Many of us dread the office, even worse, the cubicle. Ironically, the cubicle was originally designed to foster human creativity, increase a new sense of success and vocational vitality. According to Nikil Saval, when Robert Propst created the cubicle in the 60s, he declared: “We are a nation of office dwellers. The face of capitalism had changed; the office had become a ‘thinking place’; ‘the real office consumer was the mind.'” Repetitive work was replaced by knowledge work and the cubicle was born to accommodate such work! By 2000, forty million American white-collar employees were using Propst’s “Action Office”–the cubicle.
Times have changed. Sure, there are still plenty of cubicles but in many cities they are steadily being replaced by coffee shops. Unlike the stifling effects of the cubicle, coffee shops and cafes can stimulate creativity . Caffeine, music, good food, other creative people, open-air workspace, people and culture swirling all around you.
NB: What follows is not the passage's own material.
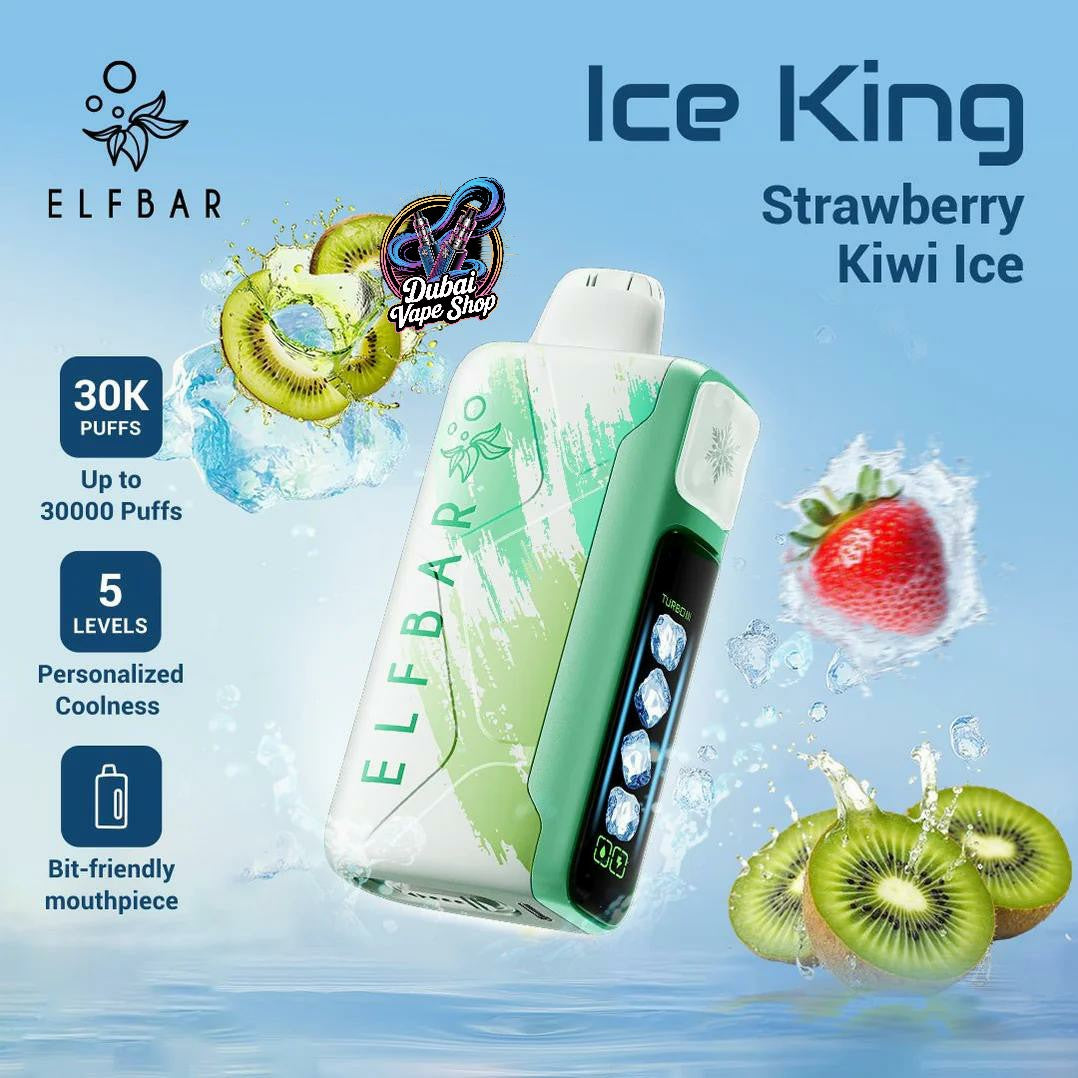 ELF BAR Ice King 30000 Puffs Disposable Vape 50mg In UAE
The new office is the mobile office, a land of open-air, ever alternating cubicles where creativity teems with the steam of each cappuccino. Richard Florida has argued for a next wave of work, seeing creativity, not knowledge, as new economic driver. He defines creativity as “the creation of useful new forms out of that knowledge,” and writes “in my formulation, ‘knowledge’ and ‘information’ are the tools and materials of creativity.
Are we in a creative age? Are cafes the new cubicles? If so, have we reached vocational utopia which all, non-creative work must only aspire to? Or is there a dark side to the new office, a danger in a creative-driven economy? One thing is for sure, firms and office managers are sending freelancers and employees to the cafes with a laugh. Who pays for the expenses? Coffee, internet, space, parking, food, air conditioning, drinks, power? A creative way to make a buck!
See Nikil Saval, “Birth of the Office,” n+1; Richard Florida, Rise of the Creative Class.